Vinyl floor tiles are the easiest solution if you want a dramatic transformation on a budget – they are fully a DIY product. One thing to consider is you will need a smooth and level subfloor. We recommend sealed plywood if your current subfloor is not suitable. And this will of course add to the cost and installation time. But once the ply is in place the tiles can be installed very quickly.
They are hardwearing and can withstand quite a lot of abuse. The most important element is ensuring that they adhere well when laid. Apply plenty of pressure with the tile roller and ensure they are not too cold for the glue to work properly. If you do have any issues with lifting you can apply a little bit of extra glue and press back down again. And if a couple of tiles do get damaged they can be pried up with a putty knife and replaced.
When ordering, make sure to order 10% extra to allow for wastage.
Still a low cost/high value solution, sheet vinyl offers the added benefit of having fewer joins (none in a small space) and a slightly cushioned feel underfoot. Sheet vinyl is aslightly more involved installation than vinyl floor tiles but is still well within the scope of the DIYer.
It is perfect for kitchens and bathrooms and can withstand a great deal of water and spillages. However, due to it’s cushioned backing it is vulnerable to being torn and gouged if treated roughly. Don’t drag washing machines or drag any heavy items with sharp corners across it.
It also provides a great scope for interesting designs. It’s a great way of creating the look of an encaustic tiles floor without the expense. And so much easier to lay. For a full guide to laying sheet vinyl click here.
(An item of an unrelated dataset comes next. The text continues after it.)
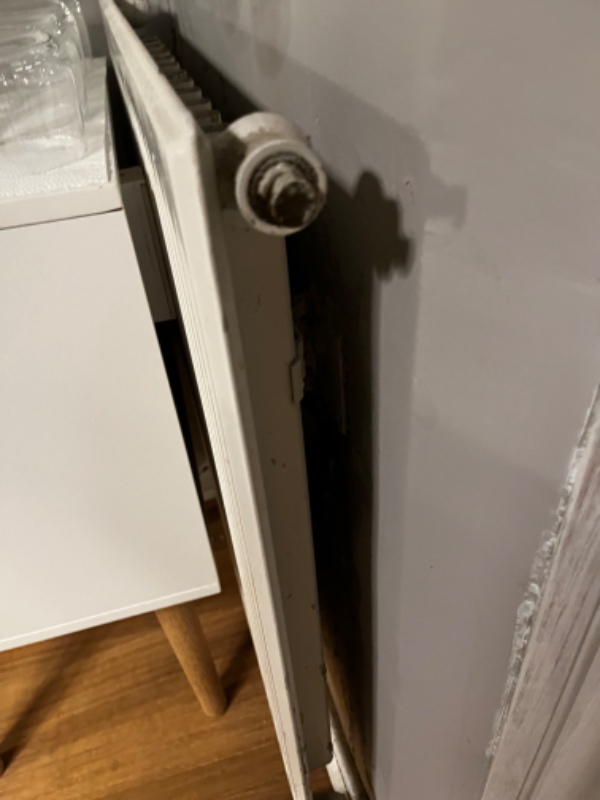 Fjerne 1 radiator - VVS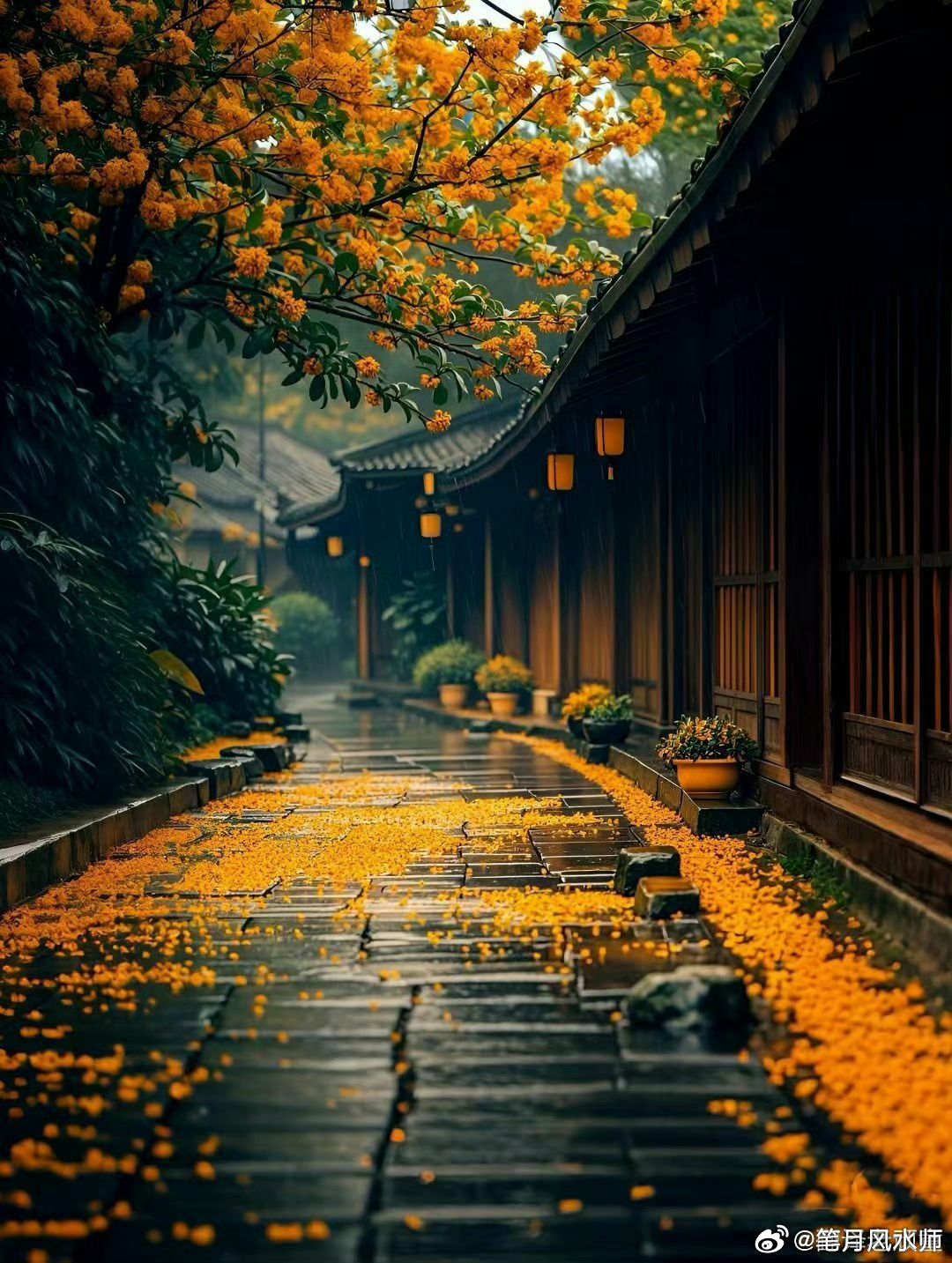 深秋已至，寒冬即来，流浪的婴灵还在找妈妈，安频好婴灵，给他有个住所，安心修行，会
Edwardian Star Mustard Sheet Vinyl Flooring£20.00
Fes Blue Sheet Vinyl Flooring£20.00
Puzzle Blue Sheet Vinyl Flooring£20.00
Mid Century Emerald Sheet Vinyl Flooring£20.00
Mid Century Quartz Sheet Vinyl Flooring£20.00
Cuenca Terra Sheet Vinyl Flooring£20.00
Raval 5 Sheet Vinyl Flooring£20.00
Granada Black Sheet Vinyl Flooring£20.00
Ronda Black Sheet Vinyl Flooring£20.00
No special subfloor is needed beyond a layer of foam underlay so of all the products it is perhaps the fastest solution if you have a rough subfloor to cover. The lack of special preparation needed will bring the cost down greatly and so it could actually be the least expensive option.
The higher quality laminates have a protective layer that is immensely tough so durability is great.
The product clicks together simply and if you can master a mitre saw you have all the skills you need and you can lay it easily.
We have gone to great lengths to find ceramic floor tiles that can provide the durability and finish of a fired surface but at a price that won’t break the bank. If care is taken in installation, a ceramic or encaustic tiled floor will last indefinitely in a domestic environment.
Remember when choosing the right floor to price those installation costs. They can double to cost of a tiles floor as it is a skilled job. Unless you are very confident these will require professional installation. Definitely not the cheapest or easiest option. But the style and quality are worth every penny if you want a high end finish.
Sometimes classic is best. Real wood flooring can always be sanded and refinished if it’s taken a bashing so it can last forever. In fact it gains character with age.
Laying a tongue and groove wood floor is actually relatively straightforward. The most important part is making sure the subfloor is suitable and ensuring the level of humidity in the room. And ensure the subfloor and the wood itself is acceptable. The wood needs to be acclimatized to the temperature in the room for at least seven days before you lay it. All of this is vital to ensure it doesn’t swell or shrink after laying. Remember a gap will be required around the perimeter of your installation to allow for expansion. The correct expansion gap for wood flooring is 10-12mm.
There are some beautiful choices for real wood flooring available. Herringbone parquet has been on trend for the last few years and looks fabulous in any room in the house. Ideally choose a wood flooring that has a bit of texture and character. If you’re paying the extra for real wood you want it to look real!
Did that help you with choosing the right floor for you? Remember to consider your budget, your abilities at laying flooring and whether you want a feature floor or something that creates a subtly backdrop for other features in the room.